The world of tidyverse is far-reaching & wide-ranging, here we will mention interesting datacamp courses for each concept we talked about today. They are all bonus over your mandatory course for this session, so no pressure to do them. They are just for more practice & setting a deeper foot into the topic.

Courses : 
* [Working with Data in the Tidyverse](https://learn.datacamp.com/courses/working-with-data-in-the-tidyverse)
* [Reshaping Data with tidyr](https://learn.datacamp.com/courses/reshaping-data-with-tidyr)
* [Data Manipulation with dplyr](https://learn.datacamp.com/courses/data-manipulation-with-dplyr)
* [Foundations of Functional Programming with purrr](https://learn.datacamp.com/courses/foundations-of-functional-programming-with-purrr)
* [String Manipulation with stringr in R](https://learn.datacamp.com/courses/string-manipulation-with-stringr-in-r)

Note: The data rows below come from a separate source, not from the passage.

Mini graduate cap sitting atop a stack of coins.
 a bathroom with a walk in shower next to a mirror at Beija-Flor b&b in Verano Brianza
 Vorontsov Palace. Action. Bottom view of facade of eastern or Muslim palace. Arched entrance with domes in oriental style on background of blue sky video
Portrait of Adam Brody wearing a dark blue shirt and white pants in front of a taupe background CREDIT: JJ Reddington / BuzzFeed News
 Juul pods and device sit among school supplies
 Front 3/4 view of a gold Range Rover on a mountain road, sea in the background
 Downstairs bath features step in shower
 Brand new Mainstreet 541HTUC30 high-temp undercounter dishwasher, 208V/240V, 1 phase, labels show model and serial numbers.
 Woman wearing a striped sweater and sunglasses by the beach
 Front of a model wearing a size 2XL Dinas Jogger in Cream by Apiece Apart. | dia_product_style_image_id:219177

**Prepare to the next session (optional too)**

[Introduction to Data Visualization with ggplot2](https://learn.datacamp.com/courses/introduction-to-data-visualization-with-ggplot2)

## Challenge !!

[Gapminder](https://www.gapminder.org/data/) is one of the largest websites that provide a data collection tool on international data that is concerned with education, income, health, social studies..etc. It has one problem, it provides un-tidy data that needs some reshape & processing to obtain a useful dataset. Your mission is to download data for different related indicators, tidy the downloaded data & join them together to complete one useful dataset from which we can extract insights. You may try plotting different relations between the indicators you chose to give us an insight. Good Luck!